Chapter 3 - Databases and Data Acquisition Flashcards
(80 cards)
What does an entity contain? What kind of database does it relate to?
An entity contains data about a single subject. Think of it as a noun that describes a person, place or thing. Used in relational databases.
What’s an entity instance?
It’s like a single record or instances of an entity subject. Like picking out one record in a table about pets.
What is the name given to describe the relationship between two entities?
Cardinality
Which types of entity relationships are comparatively complex and rare?
Unary and Ternary.
What is the difference between an entity instance and an entity attribute?
An entity attribute is akin to the column heading in a table. An entity instance is akin to a single record in a table, for example, the record about one particular customer. The record contains multiple entity attributes.
Entities become a separate _____ in a database
table
What two things together link data between two tables?
An associative table and a foreign keys
the F-keys link to the primary keys in the two related tables
A foreign key helps to enforce what?
foreign key enforces referential integriy, or how consistent the data is in related tables
What describes the modifications necessary to to create tables for storing data?
A schema
A table that contains a primary key in more than one column has a primary key called what?
A composite primary key
You need to store and retrieve simple data quickly that doesn’t have a lot of structure, which of the two non-relational databases would you choose?
Key-value or Column-family
Key-value
Name 2 high level key benefits of a column-family database?
1) DYNAMIC/FLEXIBLE - Column data can vary dynamically between key values
2) ABILITY TO SCALE - can process vast amounts of data
What kind of database is best at exploring relationships between pieces of data?
Graph databases
What database type do the below relate to and what are they?
1) NODES -
2) PROPERTIES -
3) RELATIONSHIPS -
GRAPH DATABASES
2) 1) NODES - these are the equivalent of an entity instance; a person or a thing.
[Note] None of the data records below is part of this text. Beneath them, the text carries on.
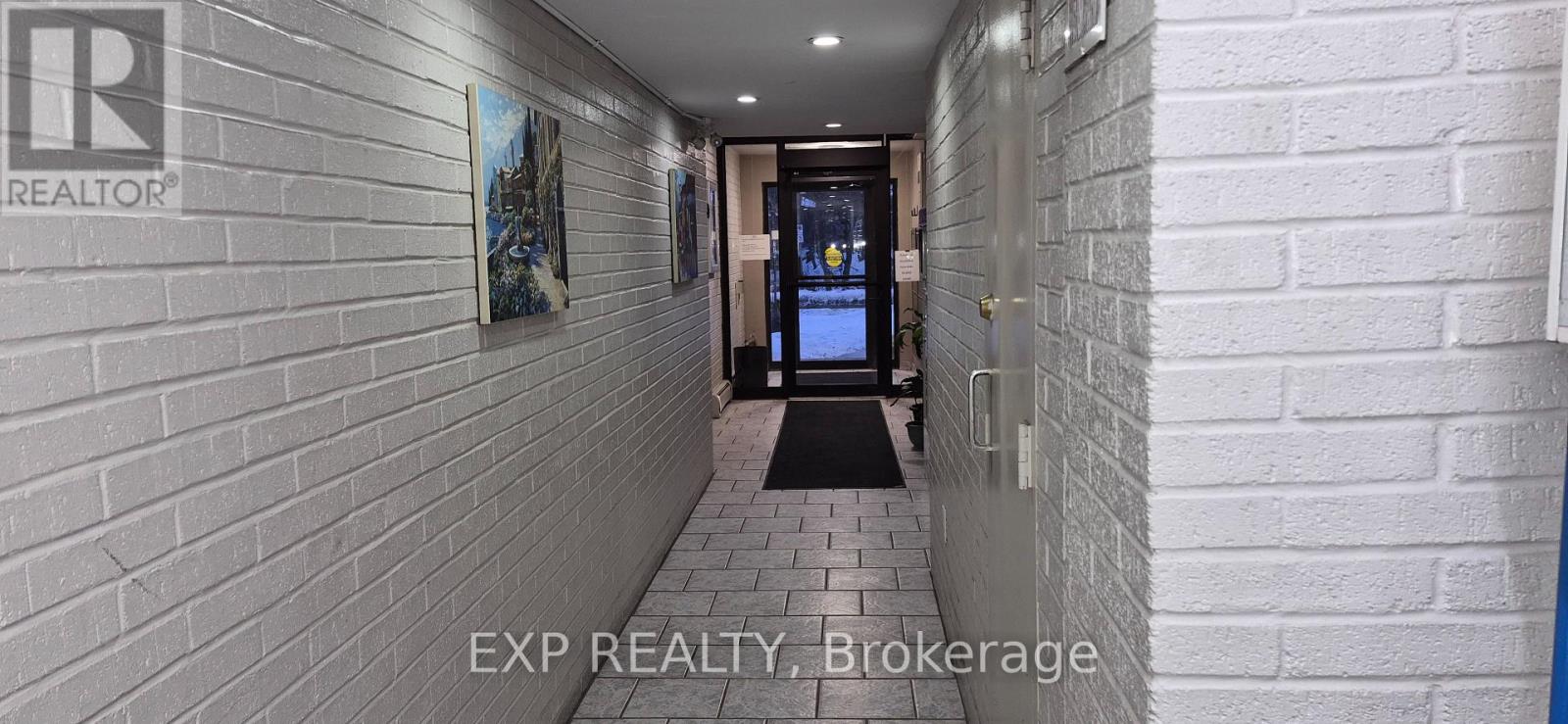 26 - 2373 King Street E, Hamilton, Ontario  L8K 1X9 - Photo 25 - X12770350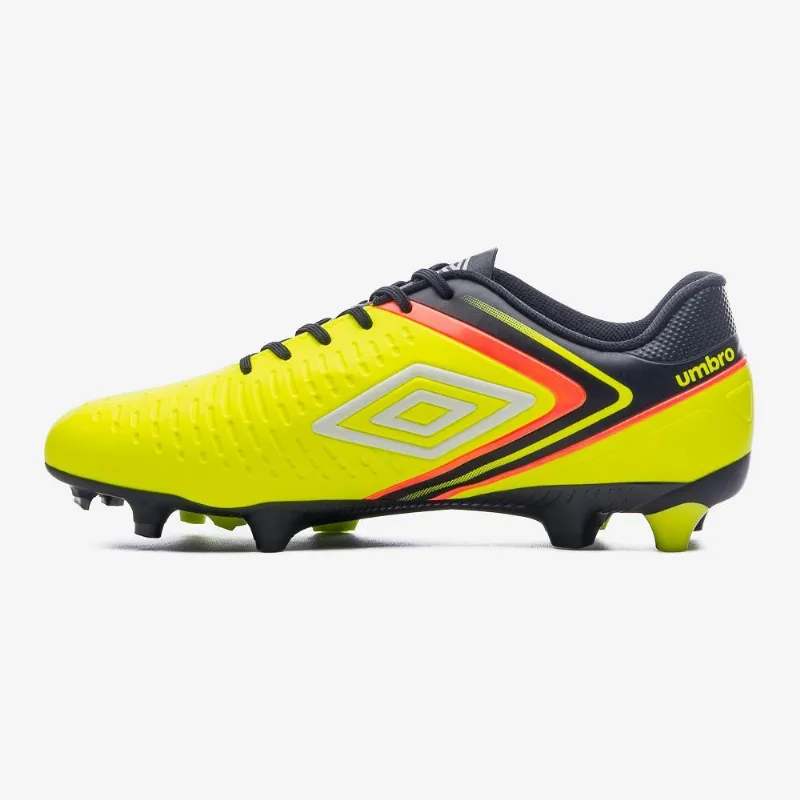 Chuteira campo umbro score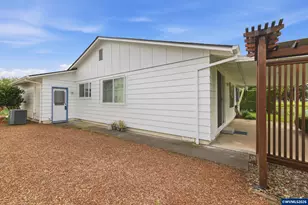 401 S Cascade Dr, Woodburn, OR 97071 - Photo 31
2) PROPERTIES - these store attributes about a node
3) RELATIONSHIPS - these are arrows connecting nodes denoting their relationship to each other
What kind of database is often behind website features like related or RECOMMENDED items?
Graph database.
What database process is employed to reduce data redundancy?
Normalization
List the 5 rules of 1NF
1) KEY - a table without a primary key is not permitted
2) GROUPS - Repeating groups are not permitted
3) ORDER - Row order is not permitted
4) DATATYPES - Mixing of datatypes in a column is not permitted
5) VALUES - non-atomic values are not permitted
What level of normalization does this statement describe? “every attribute in a table should depend on the key, the whole key. and nothing but the key”?
3NF - third normal form
it doesn’t use a schema
it stores data in raw format
it requires specialist knowledge (data scientists) about the data to operate
a datalake
a subset of a datawarehouse that is data that serves a particular part or subject within the organization as opposed to data that serves the entire organziation
A Datamart
List 2 key features of the Star Schema design pattern
1) Denormalized to improve read performance over large datasets
2) Uses a central fact table with dimension tables as spokes.
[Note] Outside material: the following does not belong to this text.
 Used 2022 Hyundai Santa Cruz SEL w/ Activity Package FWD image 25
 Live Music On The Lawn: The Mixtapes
Regarding OLAP databases, which schema design pattern would you pick if storage was a concern?
Snowflake schema
Regarding design patterns, which design pattern does a datawarehouse usually use and why and which design pattern does a datamart usually use and why?
1) Datawarehouses usually use snowflake schema design patterns because they’re supplied from many differences sources.
2) Datamarts usually use the Star schema because they represent a single data subject area.
When designing a dimension table, it is crucial to understand what to help you build it?
The questions that analysts will be asking about the the business or subject?